И вновь взрыв! Пыль ещё не осела, а очертания остатков строения уже видны. На месте здания, где занимали позиции боевики, образовалась груда камней и развалин.
— На повторный. Наблюдаю нашего. Здание в 150 метрах от взрыва, — произнёс я, заметив, как себя оранжевым дымом обозначил наш лётчик.
— 115-й, площадка готова. Можно…
— Запретил! Запретил! — влез я в эфир, заметив приближение противника.
Три пикапа с пулемётами уже неслись в район, где подымались клубы оранжевого дыма. Так легко нам лётчика местные духи, террористы, мятежники… неважно как их называть, не отдадут никогда.

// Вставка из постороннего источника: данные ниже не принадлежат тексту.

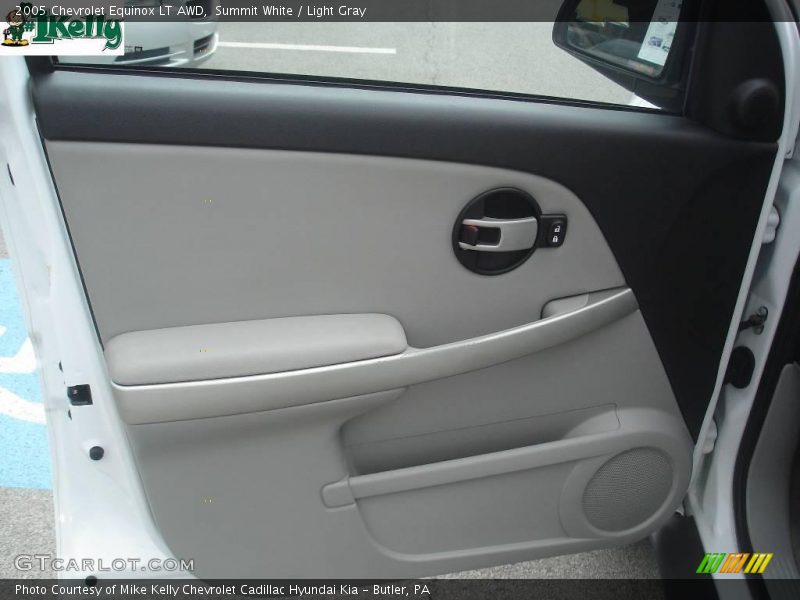 Summit White / Light Gray 2005 Chevrolet Equinox LT AWD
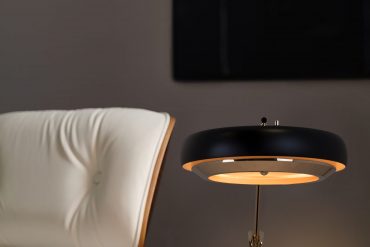 BRIGHTEN UP YOUR SPACE WITH THIS DESK LAMP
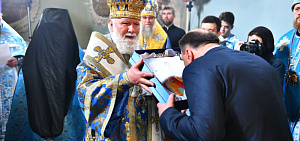 Ярославль в День города получил чудотворную икону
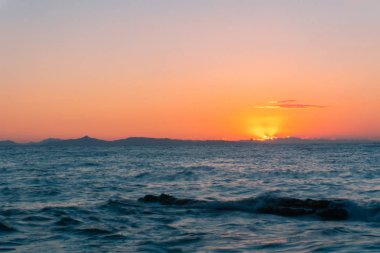 deniz kenarındaki sıcak yaz günbatımı güzellik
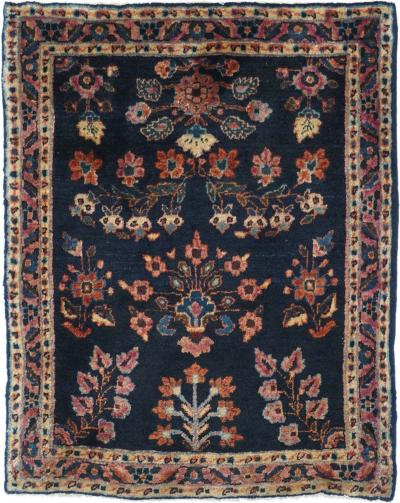 Antique Sarouk Rug 111 x 26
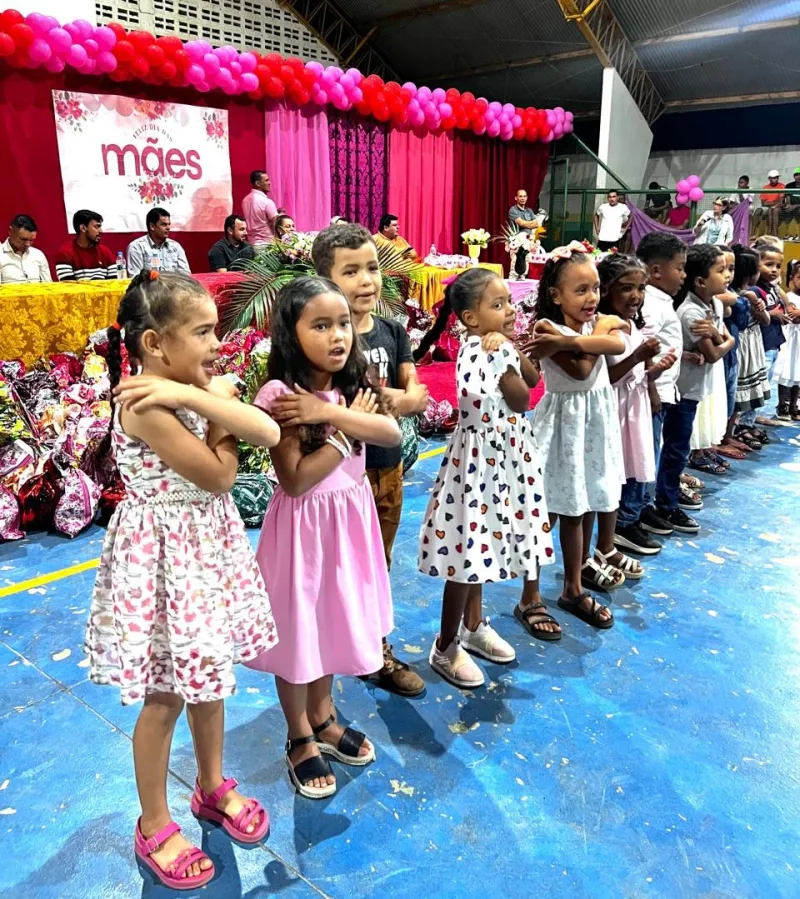 Prefeito Manrick Teixeira promove grandiosa festa do Dia das Mães nos distritos de Vereda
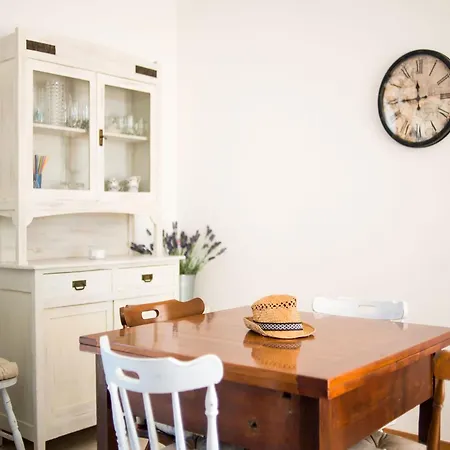 Enchanting Coastal With Views * Pesaro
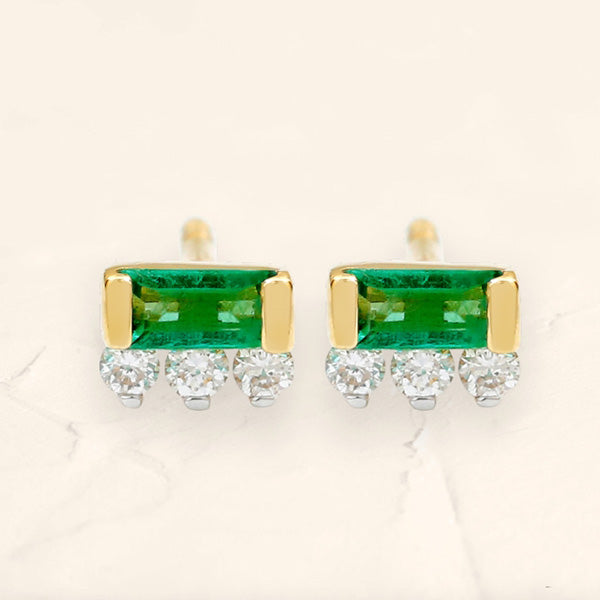 Boucles d'oreilles Prana baguette emeraude et diamant en or jaune 18cts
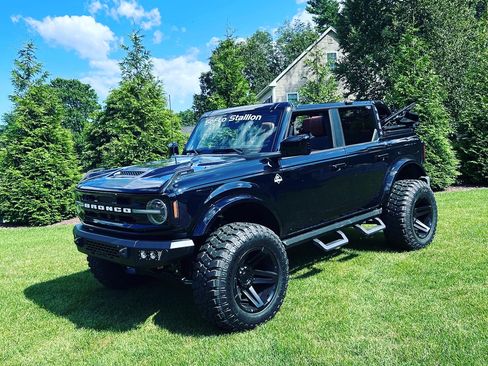 Used 2023 Ford Bronco Outer Banks image 1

— Понял. Запретили, — ответил Батыров.
Подлети Димон сейчас, и на посадке или взлёте вертолёт бы расстреляли.
— Справа бьют! — доложил я в эфир, уводя Ка-50 от очереди из крупнокалиберного пулемёта.
— Вижу. На боевом. Буду «трещоткой» работать, — ответил мне Тобольский.
Сейчас он будет применять пушку. В условиях, когда рядом наши войска или спасаемый нами человек в непосредственной близости с противником, точность превыше всего.
Я вновь сманеврировал, уводя вертолёт от очереди из пулемёта. Солнце слегка ослепило во время отворота, и в этот момент вертолёт сильно тряхнуло.
Ещё несколько выстрелов. Один из снарядов попал в правый борт. Ощущение, что булыжник в бок прилетел.
Надо дать возможность Тобольскому выйти в положение для атаки.
— Захожу от солнца, — доложил Олег Игоревич.
По курсу буквально выросла линия электропередач. Ручку отклонил на себя. Вертолёт слегка задрал нос и плавно набрал пару десятков метров высоты. Тут же ещё одна очередь.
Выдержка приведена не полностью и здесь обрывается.